Another possible explanation is that politicians increase their commitment to sunk costs because they’ve invested a lot of time and money into their projects and don’t want to see their projects fail (as explained in this study). The problem with the public sector in Denmark is the epitome of that exact study.

The public sector is the raison d’être of the Social Democratic Party and the left. With time the public sector has become the 'pride' of the Danish people, much like the NHS has for the British people. The key difference is that a larger number of Danish politicians recognise the problem. However, the political willingness to break the alliance of politicians and the public sector, or even try to raise productivity, is simply non-existent. Understandably perhaps, since there’s an emerging pattern that public sector employees lean more to the left than the rest of the population. Any party on the right suggesting they would cut spending would be accused of treason and any party on the left suggesting the same would be accused of political heresy.

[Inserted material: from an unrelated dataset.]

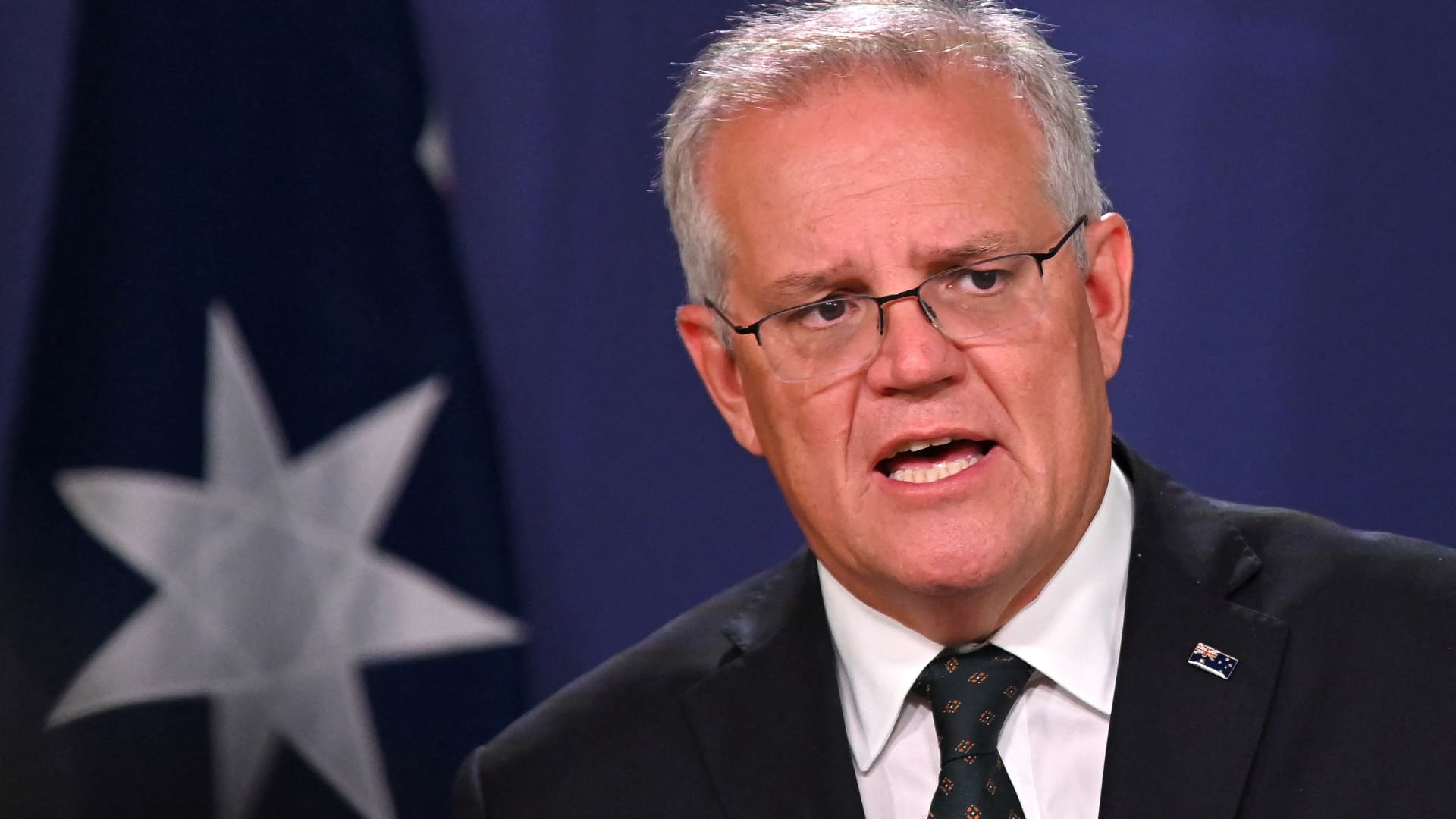 Australia's Prime Minister Scott Morrison speaks to the media to announce sanctions on top Russian officials following the invasion of eastern Ukraine, during a press conference in Sydney on February 23, 2022.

Try pointing out some of the problems in a debate and you’ll instantly be blamed for defaming all public workers even though the Danish Productivity Commission has stated that there are critical problems with the Danish productivity - in the public and private sector alike. The same Productivity Commission states that part of the reason for this are the disruptive taxes imposed on businesses. Given the small size of Denmark, the Danes are reliant on the rest of the global economy doing well, which leaves less room for increased taxation. Businesses, and the taxes they generate, are the foundation of the public sector and they are currently hurting because of increasing demands for more spending due to changes in the demographic and living conditions.

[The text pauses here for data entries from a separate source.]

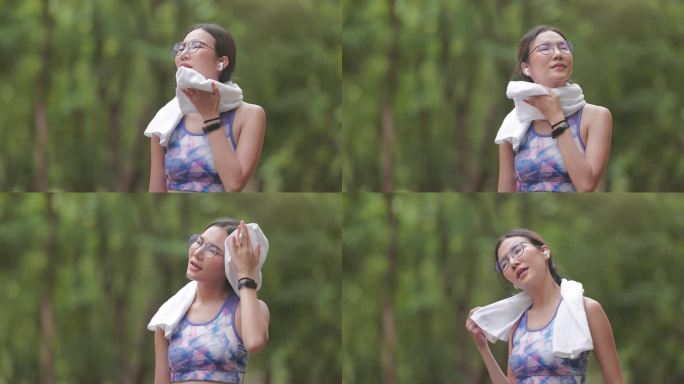一位亚洲妇女在公园慢跑时用毛巾擦拭脸上的汗水。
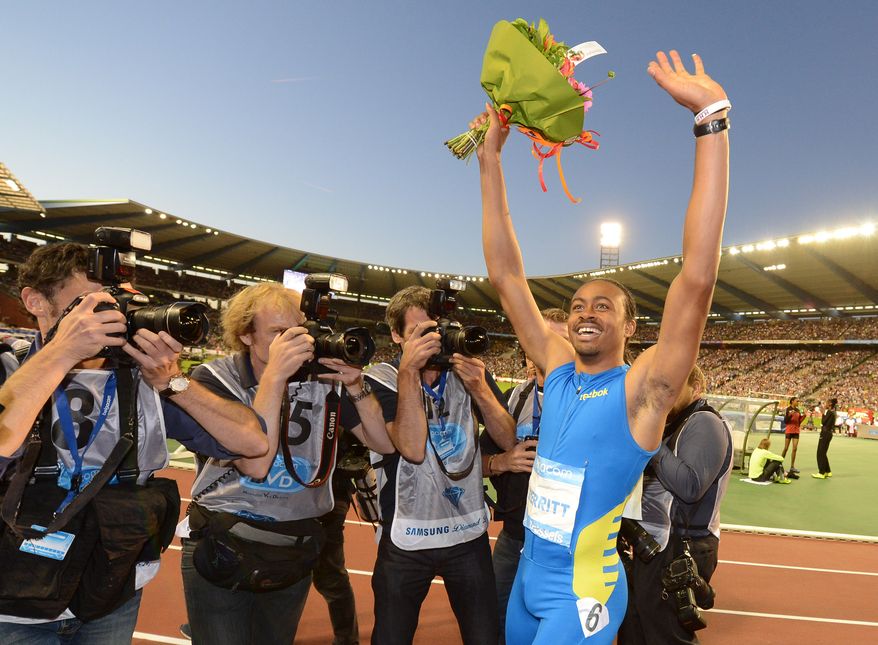 US athlete Aries Merritt reacts after winning the 110 meters hurdles and breaking a new world record, at the Diamond League Memorial Van Damme athletics event at Brussels' King Baudouin Stadium, Friday, Sept. 7, 2012. (AP Photo/Geert Vanden Wijngaert)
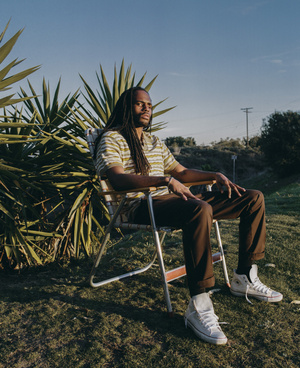 Portrait of a Black male model with long dreadlocks sitting on a lawn chair outdoors in a grassy field under a blue sky in the evening.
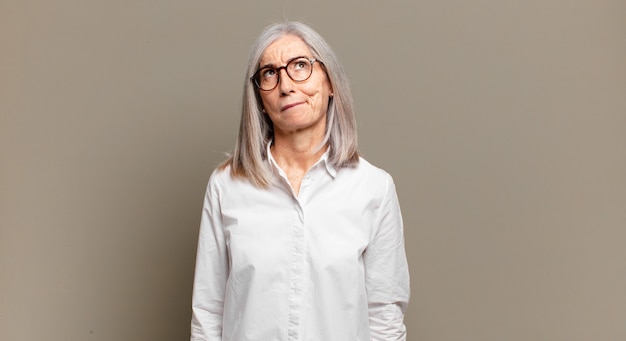 Foto mujer mayor que se siente confundida y dudosa, preguntándose o tratando de elegir o tomar una decisión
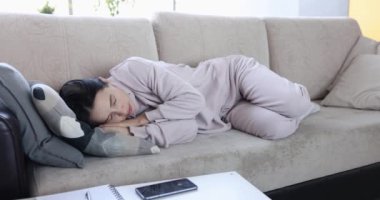 Kadın kanepede uyuyor ve telefonu kapatıyor. Uykusuzluk ve ilgisizlik konsepti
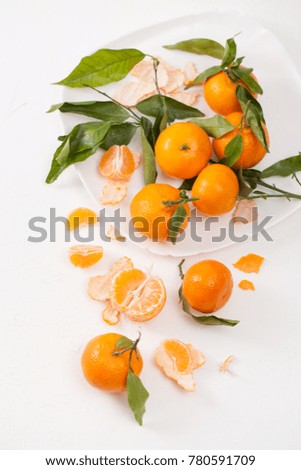 Fresh tangerines with leaves and peeled tangerines, sliced with peel. The beneficial properties of mandarins for health.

The fact that public employees are voters as well as employed by the state creates a circle of incentives that might help answer the question I asked earlier: Why is it so difficult to reform the public sector? Ludwig von Mises noticed in 1944 in his book Bureaucracy that the public employee is in a peculiar situation. Not only is he an employee, he is also an employer. Mises continues:

And his pecuniary interest as employee towers above his interest as employer, as he gets much more from the public funds than he contributes to them.

This double relationship becomes more important as the people on the government's payroll increase. The bureaucrat as voter is more eager to get a raise than to keep the budget balanced. His main concern is to swell the payroll.

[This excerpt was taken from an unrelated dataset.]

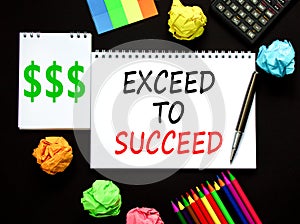 Exceed to succeed symbol. Concept words Exceed to succeed on beautiful white note. Beautiful black background. Black pen. Colored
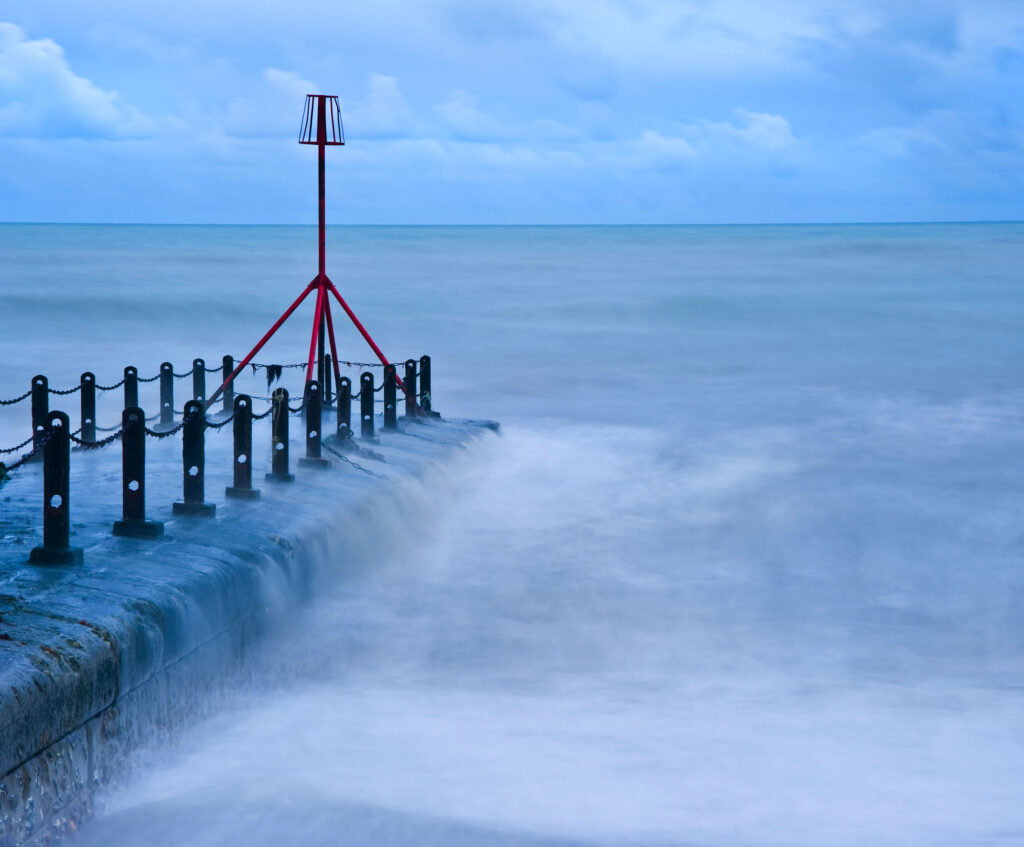 A stormy pontoon with waves crashing against the stone under a grey sky.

Coincidentally, public sector employees in the lower quartile of earnings earn 10% more than employees in the private sector. Additionally, the public sector grew from 382,000 in 1970 to 835,000 in 2012 - over 40 years the public sector has more than doubled. In the same period the private sector has shrunk by 7%. Overall, ⅓ of the workforce is employed by the state.

This leads to a number of implications. Demand for workers in the private sector is rising, and with lower wages, so the private sector might not be able to compete with the public sector. If Denmark wants to maintain the public sector without raising taxes and hurting businesses, it ought to raise the public sector’s productivity. This seems to be difficult, however, because of the public sector’s centralised collective agreement system. Contrarily, the private sector provides a framework for companies to work under but it is highly decentralised and companies are able to induce productivity by offering things like better salaries and working hours, providing an opportunity for more effective use of resources. The private sector used to have a centralised agreement system but it was changed in the 1970s due to its inefficiency – something the public sector should consider doing as well.

Although I don’t agree with Dich on most areas, it’s remarkable that an economist on that side of the spectrum noticed these problems back in 1973, when the amount of public employees was half of what it is today, and when no politician on the left today is willing to admit to these issues. They’ve been thoroughly explained by the Danish Productivity Commission over several years, yet political stubbornness dominates the debate. The foundation of the public sector is shaking and it will eventually collapse if the Liberal Party doesn’t find the political courage to force change.